[Instructions to follow]
For the records below, output word for word the lines from the one with "Vintage 1950s Lobster" up to and including the one with "Молдинг двери Lexus". No pictures.

= Beginning of Section =

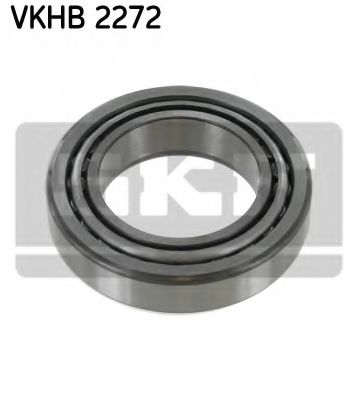 Подшипник ступицы колеса SKF VKHB 2272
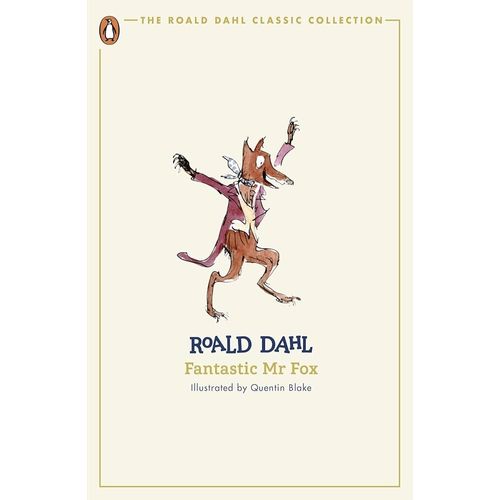 FANTASTIC MR.FOX - THE ROALD DAHL CLASSIC COLLECTION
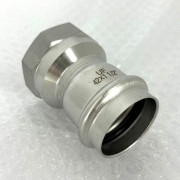 Муфта пресс-В 42 х 1 1/2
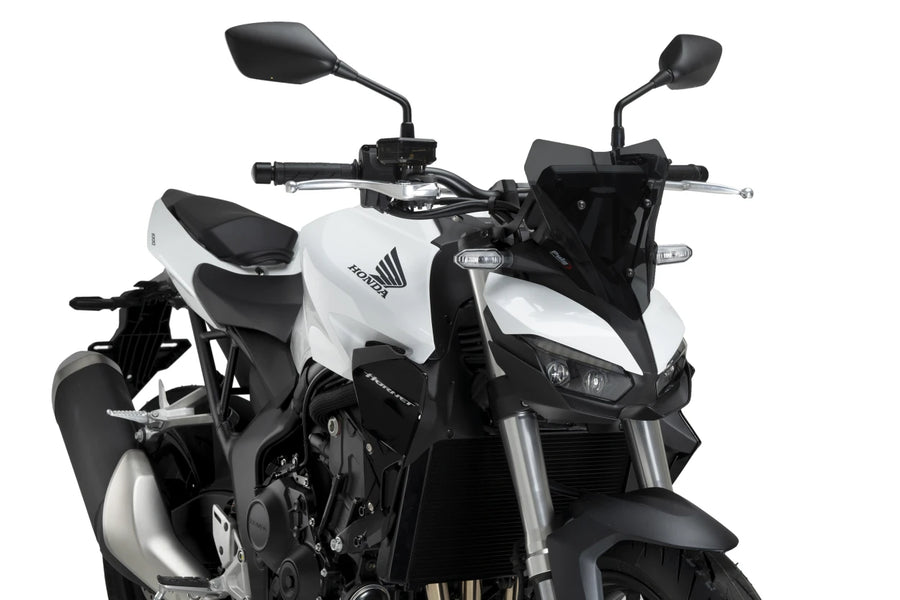 HONDA CB 1000 HORNET SP [2025] – Nueva generación deportiva – Negro mate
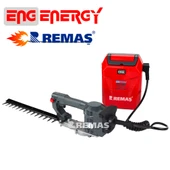 Energy MAP TH-30 Akülü Şarjlı Fındık Altı Filiz Işkın Temizleme Makinesi - 2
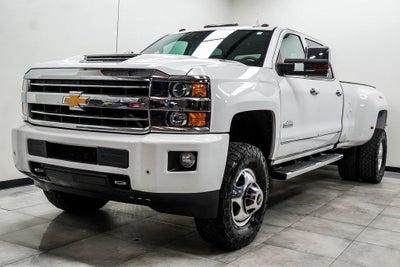 2019 Chevrolet Silverado 3500HD High Country
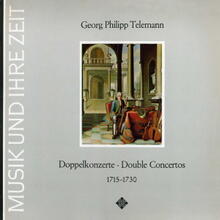 Telemann Konzerte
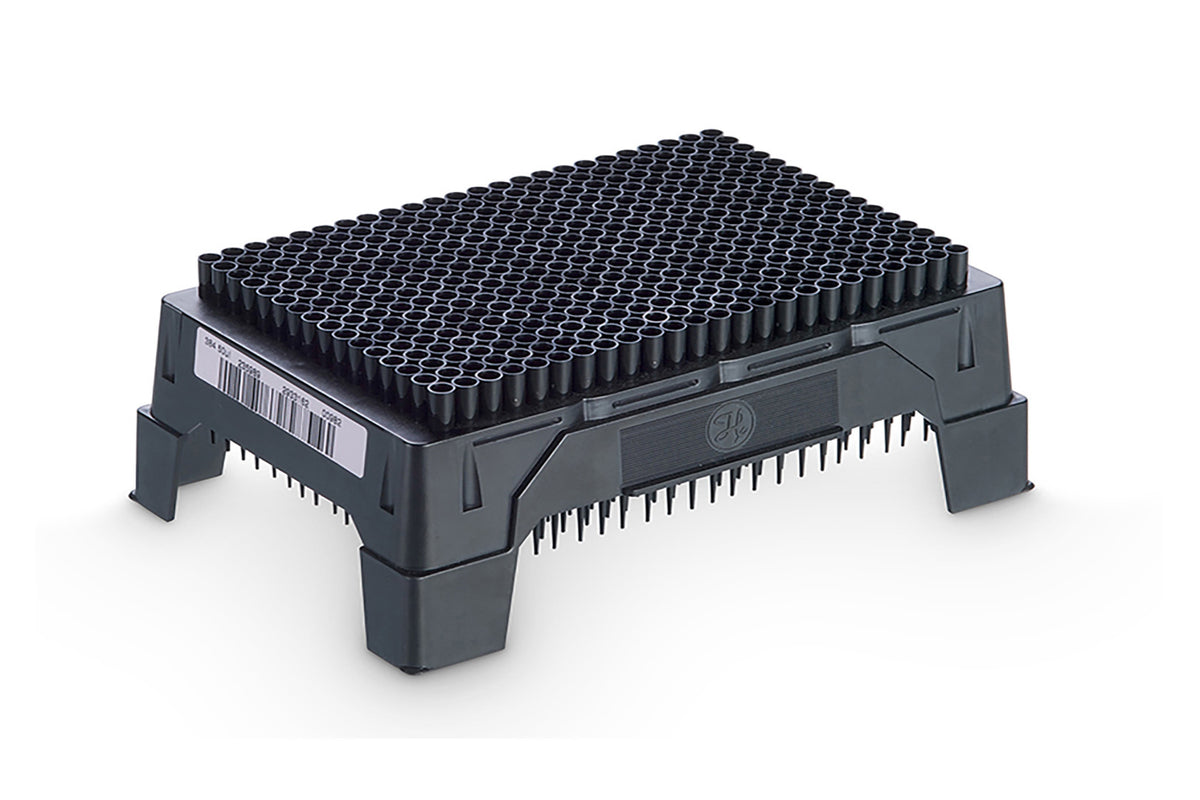 50 µL 384 Multi-Probe Nested Conductive Tips (235694)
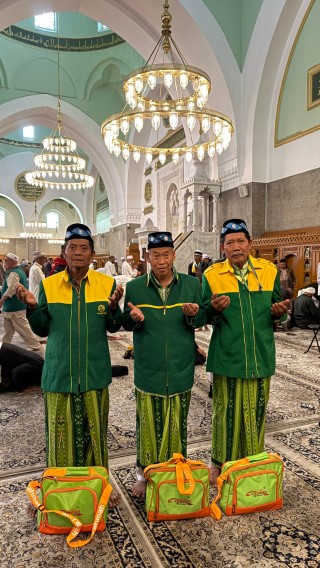 PROGRAM 16 HARI RAMADHAN GEL 1 - Foto 114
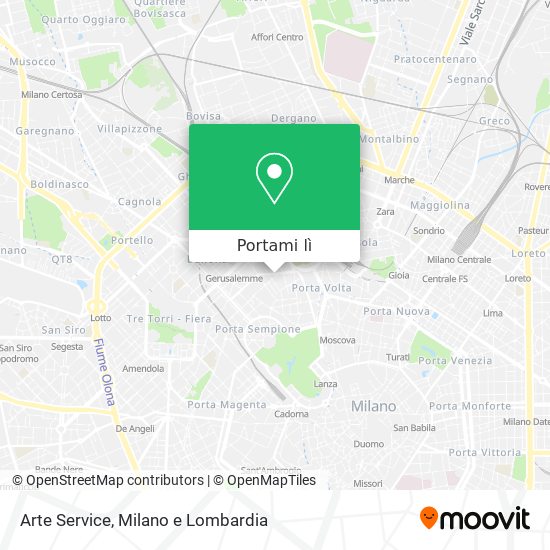 Mappa Arte Service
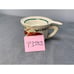 Vintage 1950s Lobster Butter Warmer Cup & Lid Set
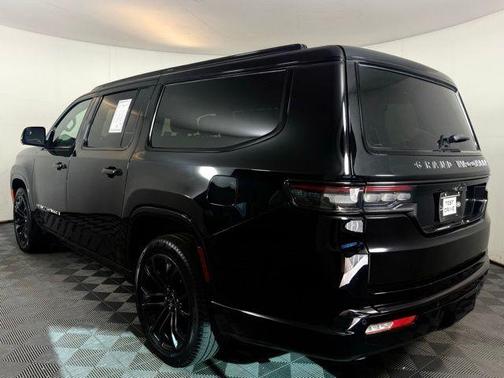 2024 Jeep Grand Wagoneer L Series II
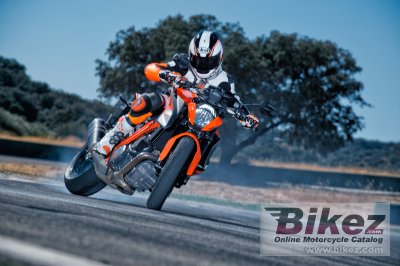 2014 KTM 1290 Super Duke R ABS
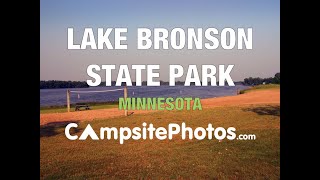 Lake Bronson State Park, Minnesota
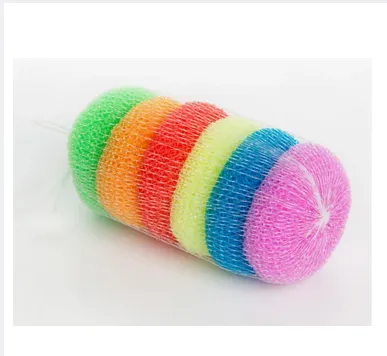 4%20Pcs%20Scrubber%20For%20Dish%20Wash/body%20washer/Majoni%20-%20Image%203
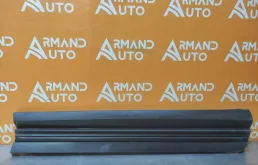 Молдинг двери Lexus RX 2015-2022 7507248100 4 AL20, передний левый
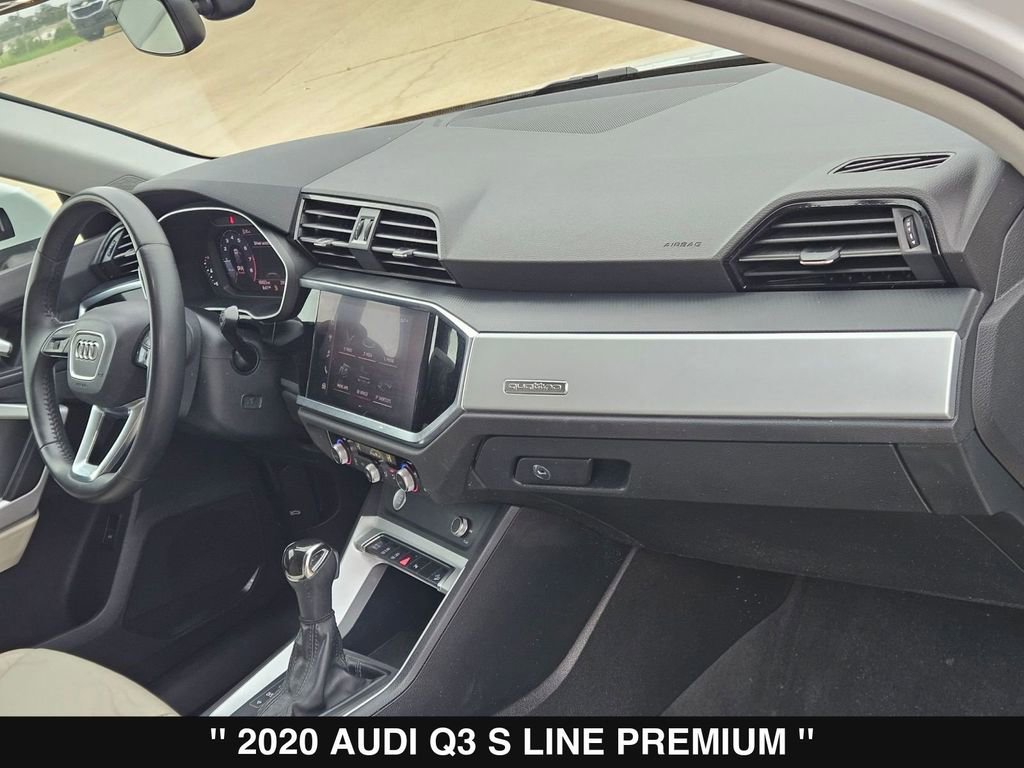 Used 2020 Audi Q3 2.0T Premium AWD/4WD image 31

= End of Section =

[Answer space]
 Vintage 1950s Lobster Butter Warmer Cup & Lid Set
 2024 Jeep Grand Wagoneer L Series II
 2014 KTM 1290 Super Duke R ABS
 Lake Bronson State Park, Minnesota
 4%20Pcs%20Scrubber%20For%20Dish%20Wash/body%20washer/Majoni%20-%20Image%203
 Молдинг двери Lexus RX 2015-2022 7507248100 4 AL20, передний левый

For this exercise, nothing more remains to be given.